Siemens Home Connect üzerinden cihaza özel yeni yıkama ve kurutma programları indirebiliyorsunuz. Mevsimsel ihtiyaçlar, moda olan yeni kumaş türleri, spor kıyafetlerin gelişmesi… Ne değişirse değişsin, makineniz hep güncel kalıyor. 

Tıpkı telefonunuza uygulama güncellemesi indirir gibi çamaşır ve kurutma makineniz de güncellemelerle değişen yaşam tarzınıza ayak uyduruyor. 

Akıllı deterjan yönetimi: i-Dos ile her yıkamada doğru ölçü 

Makineyi tamamen doldurunca veya tek parça kıyafeti makineye attığınızda ne kadar deterjan koyacağınızı bilemiyor olabilirsiniz. İşte tam bu noktada i-Dos Deterjan Tarama teknolojisi devreye giriyor. Siemens Home Connect üzerinden şişelerin barkodunu okutup su sertliği ve deterjan yoğunluğunu makineye iletiyor, i-Dos ise her yıkamada doğru miktarı otomatik olarak ayarlıyor. Üstelik Siemens Home Connect uygulaması, deterjan seviyesini takip ederek deterjanınız tükenmeden önce size haber veriyor. Tek yapmanız gereken uygulamayı telefonunuza yüklemek ve çamaşır makinenizi uygulamaya bağlamak. 

stainRemoval teknolojisi: Zorlu lekelerle inatlaşmayı unutun 

Çay, yağ, makyaj, çikolata lekeleri… Gün içinde fark etmeden üzerinize bulaşan lekeler artık kâbus olmaktan çıkıyor. Siemens iQ500 çamaşır makinesi ile stainRemoval teknolojisi devreye giriyor. Tek bir dokunuşla çay, yağ, kozmetik veya günlük hayatta karşılaştığınız diğer zor lekeler için özel programları aktif edebilirsiniz. 

Siemens Home Connect uygulaması sayesinde daha fazla leke türünü ve bunlar için geliştirilmiş özel programları keşfetmek de mümkün. Yani sadece “lekeyi çıkar” demekle kalmıyor, sizin için en doğru yıkama programını da otomatik olarak öneriyor. Böylece hem lekelerle uğraşmak zorunda kalmıyor hem de giysilerinizin ömrünü koruyorsunuz. 

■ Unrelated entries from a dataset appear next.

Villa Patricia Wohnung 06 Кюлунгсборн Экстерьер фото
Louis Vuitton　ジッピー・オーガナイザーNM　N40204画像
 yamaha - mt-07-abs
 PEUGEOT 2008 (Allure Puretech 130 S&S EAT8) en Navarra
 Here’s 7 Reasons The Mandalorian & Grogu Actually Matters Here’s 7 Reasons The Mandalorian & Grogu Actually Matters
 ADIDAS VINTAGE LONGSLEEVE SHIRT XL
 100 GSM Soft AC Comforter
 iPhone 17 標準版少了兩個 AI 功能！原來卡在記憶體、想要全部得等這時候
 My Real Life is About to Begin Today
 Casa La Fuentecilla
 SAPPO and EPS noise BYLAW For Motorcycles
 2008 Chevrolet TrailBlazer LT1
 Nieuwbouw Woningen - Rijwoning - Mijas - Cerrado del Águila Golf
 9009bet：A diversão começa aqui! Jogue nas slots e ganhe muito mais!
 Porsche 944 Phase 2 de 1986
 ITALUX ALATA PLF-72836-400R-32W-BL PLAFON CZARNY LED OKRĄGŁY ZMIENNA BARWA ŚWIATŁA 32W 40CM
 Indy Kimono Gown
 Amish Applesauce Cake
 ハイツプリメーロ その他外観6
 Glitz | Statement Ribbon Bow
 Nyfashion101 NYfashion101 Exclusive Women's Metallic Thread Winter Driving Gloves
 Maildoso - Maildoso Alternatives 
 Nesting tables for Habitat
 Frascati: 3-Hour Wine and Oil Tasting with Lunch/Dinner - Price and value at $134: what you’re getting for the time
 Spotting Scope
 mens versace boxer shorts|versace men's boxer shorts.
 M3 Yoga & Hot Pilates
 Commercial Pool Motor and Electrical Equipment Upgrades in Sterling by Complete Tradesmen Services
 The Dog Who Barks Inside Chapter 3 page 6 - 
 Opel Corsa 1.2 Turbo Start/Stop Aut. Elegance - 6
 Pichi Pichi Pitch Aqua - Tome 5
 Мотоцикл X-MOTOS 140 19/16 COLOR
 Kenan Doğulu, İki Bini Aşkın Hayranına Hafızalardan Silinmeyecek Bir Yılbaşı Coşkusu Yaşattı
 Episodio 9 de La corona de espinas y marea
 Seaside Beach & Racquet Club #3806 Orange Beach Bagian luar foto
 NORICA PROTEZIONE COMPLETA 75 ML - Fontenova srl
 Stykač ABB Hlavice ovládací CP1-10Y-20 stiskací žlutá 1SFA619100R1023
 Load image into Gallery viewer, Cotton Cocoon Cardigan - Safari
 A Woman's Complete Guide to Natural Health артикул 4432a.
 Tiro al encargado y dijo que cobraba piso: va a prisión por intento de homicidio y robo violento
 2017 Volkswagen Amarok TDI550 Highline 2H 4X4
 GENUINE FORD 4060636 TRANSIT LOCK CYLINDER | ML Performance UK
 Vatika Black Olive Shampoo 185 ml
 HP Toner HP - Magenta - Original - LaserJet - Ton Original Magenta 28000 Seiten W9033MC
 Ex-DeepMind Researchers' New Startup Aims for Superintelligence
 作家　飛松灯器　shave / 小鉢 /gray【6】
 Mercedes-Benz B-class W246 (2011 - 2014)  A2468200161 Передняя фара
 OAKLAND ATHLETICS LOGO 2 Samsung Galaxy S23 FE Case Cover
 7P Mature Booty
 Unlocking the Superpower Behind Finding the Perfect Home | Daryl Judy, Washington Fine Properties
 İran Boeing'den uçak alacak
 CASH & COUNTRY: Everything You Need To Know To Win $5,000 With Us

Artık çocuğunuza yemek yedirirken dökülen yemek lekeleri, kahve kazaları ya da mutfakta sıçrayan yağ lekeleri sizi endişelendirmiyor. stainRemoval, günlük hayatın getirdiği küçük sürprizlere karşı en güvenilir yardımcınız oluyor. 

Siemens iQ500 çamaşır ve kurutma makineleri, artık sadece kıyafetlerinizi temizleyen makineler değil; size zaman, konfor ve güven veren akıllı iş ortaklarınızdır. Ütüye harcadığınız vakti kendinize ayırın, lekelerle uğraşmayı unutun ve teknolojinin yaşam alanınıza uyumunun keyfini yaşayın.

*Bu yazı Siemens’in katkılarıyla hazırlanmıştır.